[Dataset entries]
---+---
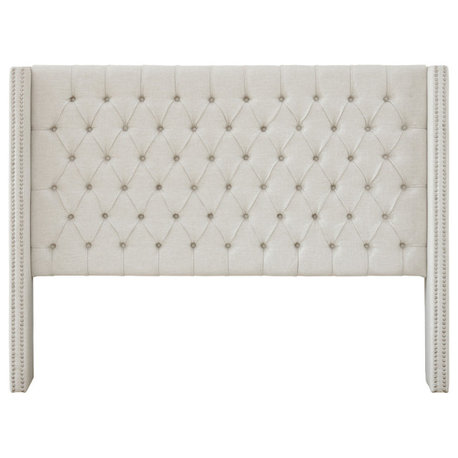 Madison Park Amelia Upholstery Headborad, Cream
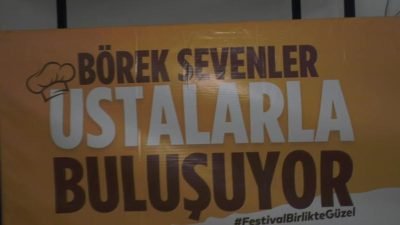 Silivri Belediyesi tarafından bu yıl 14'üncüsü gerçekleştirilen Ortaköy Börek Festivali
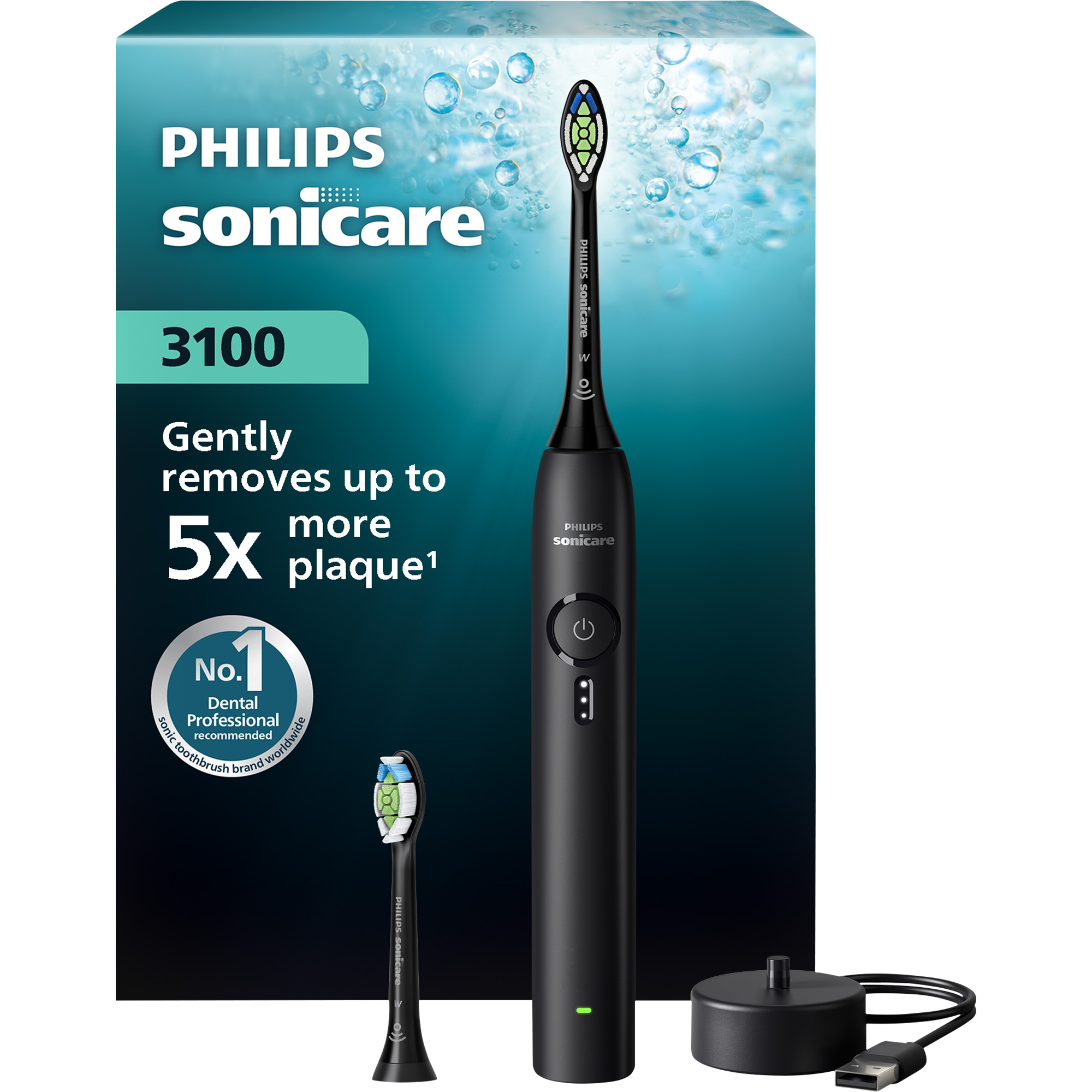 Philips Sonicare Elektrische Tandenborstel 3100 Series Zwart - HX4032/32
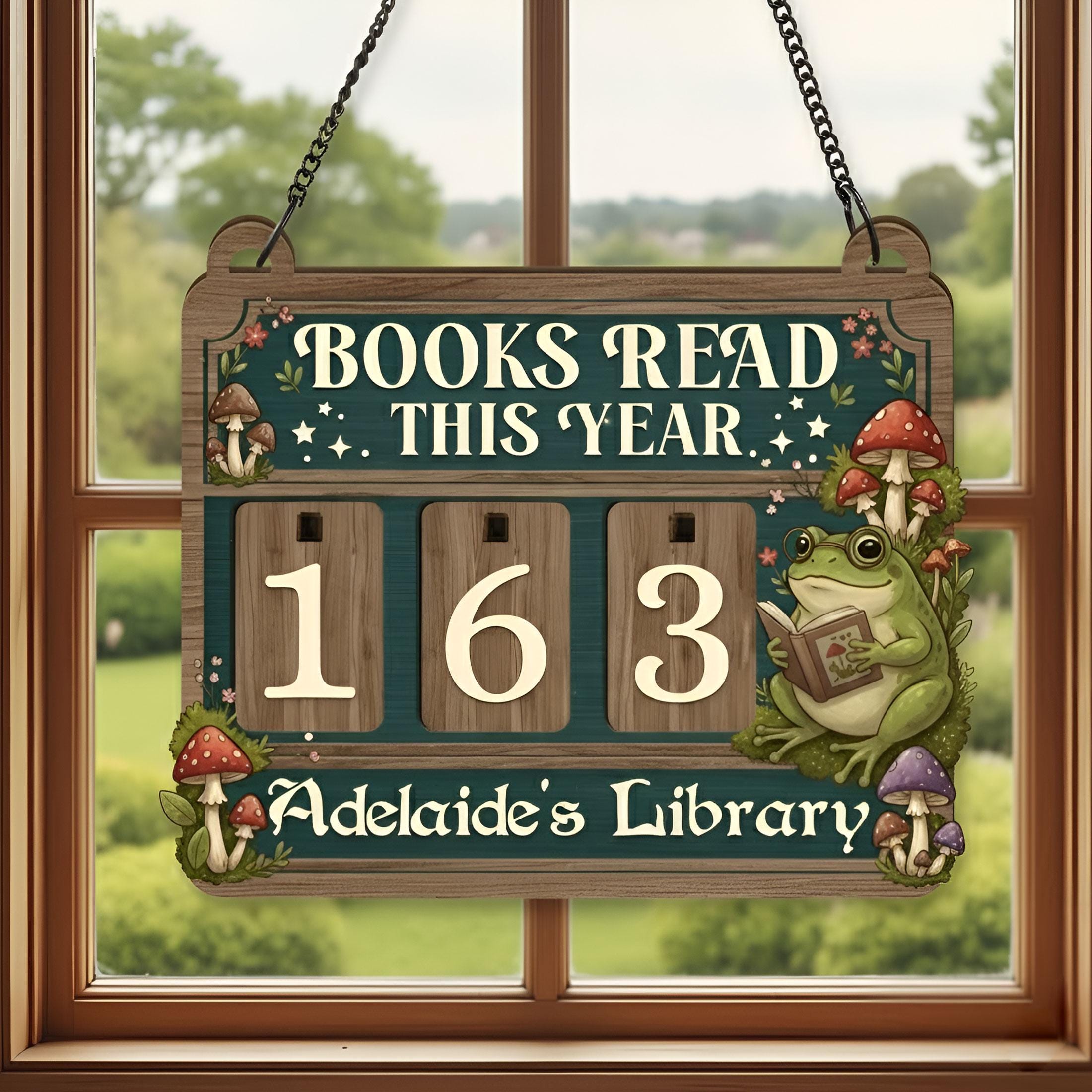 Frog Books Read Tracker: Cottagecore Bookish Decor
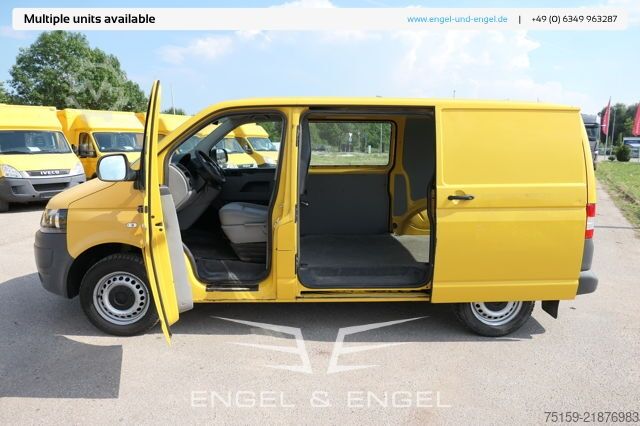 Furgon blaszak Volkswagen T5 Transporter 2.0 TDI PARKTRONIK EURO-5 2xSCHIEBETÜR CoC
---+---
**Problem statement:** Quote the records above exactly, leaving out any pictures.

**Final answer:**
 Madison Park Amelia Upholstery Headborad, Cream
 Silivri Belediyesi tarafından bu yıl 14'üncüsü gerçekleştirilen Ortaköy Börek Festivali
 Philips Sonicare Elektrische Tandenborstel 3100 Series Zwart - HX4032/32
 Frog Books Read Tracker: Cottagecore Bookish Decor
 Furgon blaszak Volkswagen T5 Transporter 2.0 TDI PARKTRONIK EURO-5 2xSCHIEBETÜR CoC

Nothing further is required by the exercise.